A Texas culture guide for Californians

A short guide to Texas culture for the Californian from someone who has been there.
There is a big cultural difference between California and Texas. Texas tourism commercials have advertised Texas as "Its a whole nother country", and they mean it.
Many parts of the state are refined, modern, culture rich, and you can find every cosmopolitan convenience you could think of, but there is another side to Texas-the older side, the side that abides despite the advances of technology and the push of the general world. Cowboy boots, Stetsons and Wranglers are still the attire de rigure, and more huge pickups, with actual work dirt on them are seen on the roadways. Right alongside the lawyers and doctors are the ranchers, and they mix quite well. The attitude is more casual, slower paced, with an emphasis on enjoyment of the moment than keeping up with the Joneses.

Texas is a study in contrasts. On one hand, there is a thriving tech industry, particularly in Austin, home of the University of Texas Longhorns, and many large corporations have their headquarters in Texas. Dallas, for example, is a slickly polished, skyscraper dotted landscape, surrounded by graceful neighborhood streets lined with million dollar homes to rival the best in Beverly Hills. The people there are busy, on the run, and very, very cosmopolitan, and as relentless in their pursuit of eternal youth, beauty and excess as anyone in Los Angeles. On the other hand, the South is alive and well in the Lone Star State. Chivalry is not dead here. Bar-B-Q and rodeos abound. If you scratch at the shiny, tech happy, money chasing veneer, what you find underneath is a code and way of living that harkens back to earlier times, before youth was king and there was no opposite sex.

Men open doors for women in Texas. They also wait for women to precede them onto and off of elevators, call you ma’am, and mean it sincerely. Those little, chivalrous courtesies are things you might not even miss, until a man you have never met holds the door open for you to enter a gas station. Some of the old South abides here even today, and creates a charming mix of modern and old fashioned that is pleasing, rather than irritating.

Overall, it is quite obvious that the pace is slower in Texas. Everything gets done—it just gets done at a bit more leisurely pace. Even the traffic moves in a slow motion parody of California traffic. People often drive the speed limit in Texas, not 20 miles per hour over it. And they wave courteously in their rear-view mirrors if you let them into your lane of traffic. And you’ll find yourself waving back, after awhile. At first, driving on Texas freeways can be incredibly frustrating, because you are used to getting from point A to point B as fast as humanly possible. Once you slow down, however, and you will, it does not seem to matter quite so much anymore.
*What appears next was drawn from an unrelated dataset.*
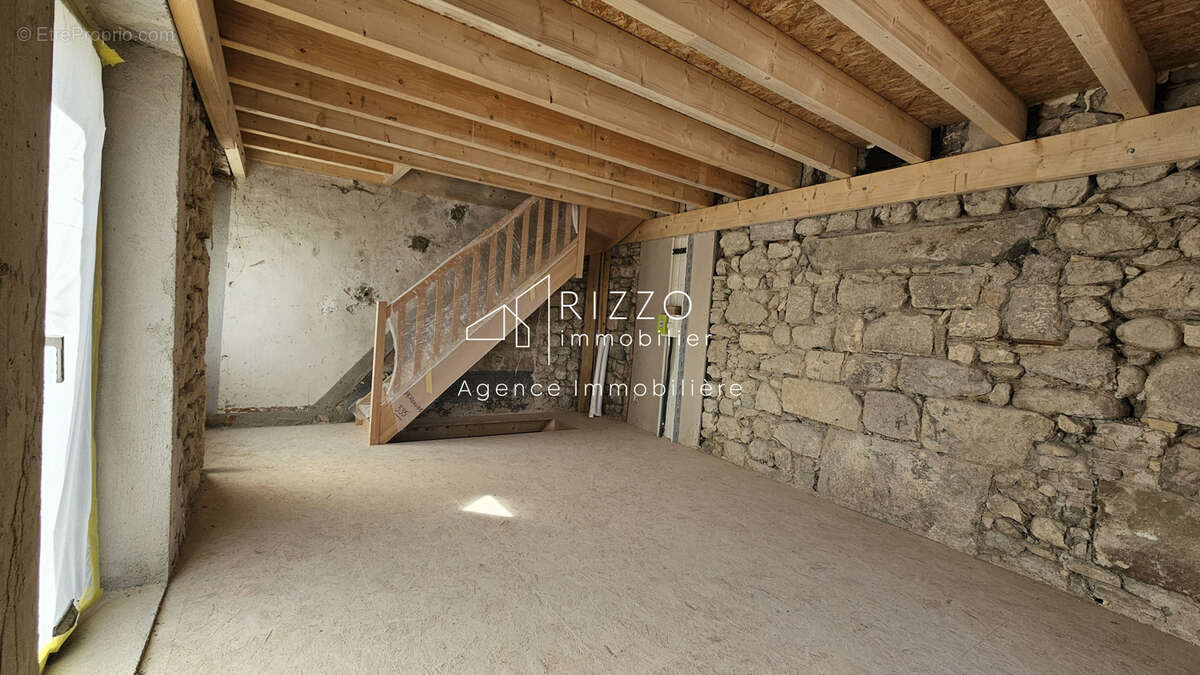 Maison à PERON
Generally, people in Texas are warm, open and friendly. It is more difficult to "become" a Texan, but the curt rudeness and clipped speech we take for normal in California is for the most part absent here.

Texas seeps into your consciousness, slowly but inexorably, until one day someone mentions your Texas accent—and you have no idea how it got there.

If relocating to Texas from California, keep this in mind. Texans in general are not overjoyed at the influx of Californians into their state, but inevitably, you can get them to laugh about it if you assure them that although you were not born here, you got to Texas as fast as you could.